The data suggests a raft of measures the government and the central bank took to channel money to ailing firms, including requests for financial institutions to boost lending, is working at least for now.
Total bank lending by banks and “shinkin” credit unions rose 4.8% in May from a year earlier to 562.5 trillion yen ($5.13 trillion), accelerating from a 2.9% gain in April and marking the fastest pace of increase since comparable data became available in 2001, Bank of Japan data showed.
“The data shows a surge in corporate fund demand in response to the coronavirus pandemic,” a BOJ official told reporters, adding that rising credit costs so far haven’t discouraged financial institutions from lending.
Lending by major banks surged a record 6.6% in May, the data showed, as big companies borrowed more as a precaution in case the virus fallout persists, the official said.
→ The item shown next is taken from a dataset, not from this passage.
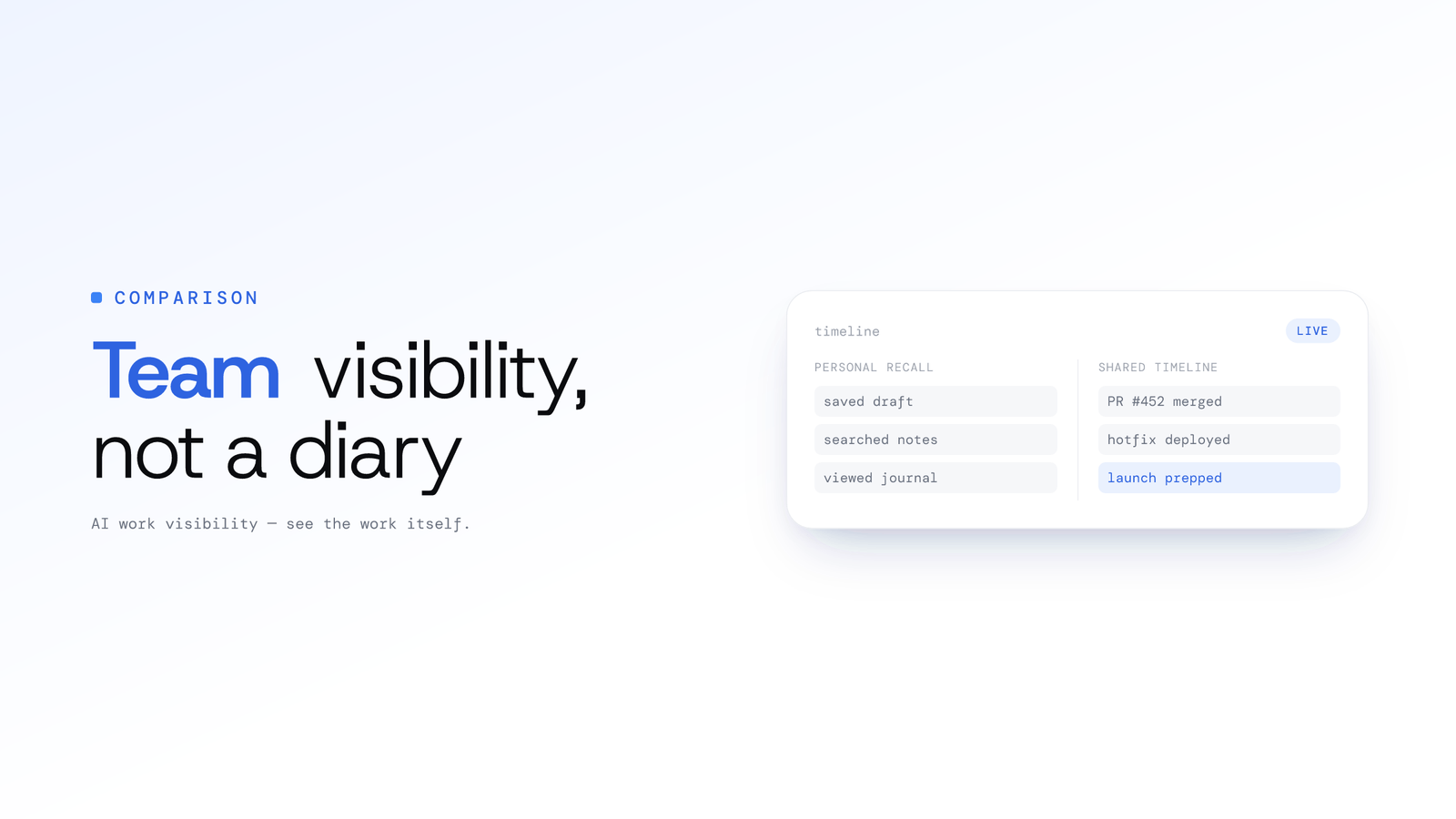 ScreenJournal vs. Rem/Windrecorder: Team Visibility vs. Personal Memory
Regional banks also saw lending rise 3.8%, reflecting surging demand by smaller businesses, the data showed.
Japan’s economy is in recession and analysts expect it to contract an annualised 22% in the current quarter as lockdown measures - put in place in April and lifted in late May - forced companies to close business and citizens to stay home.
The BOJ created in March a loan scheme aimed at encouraging financial institutions to lend to small firms, which has channeled 14 trillion yen into the economy so far.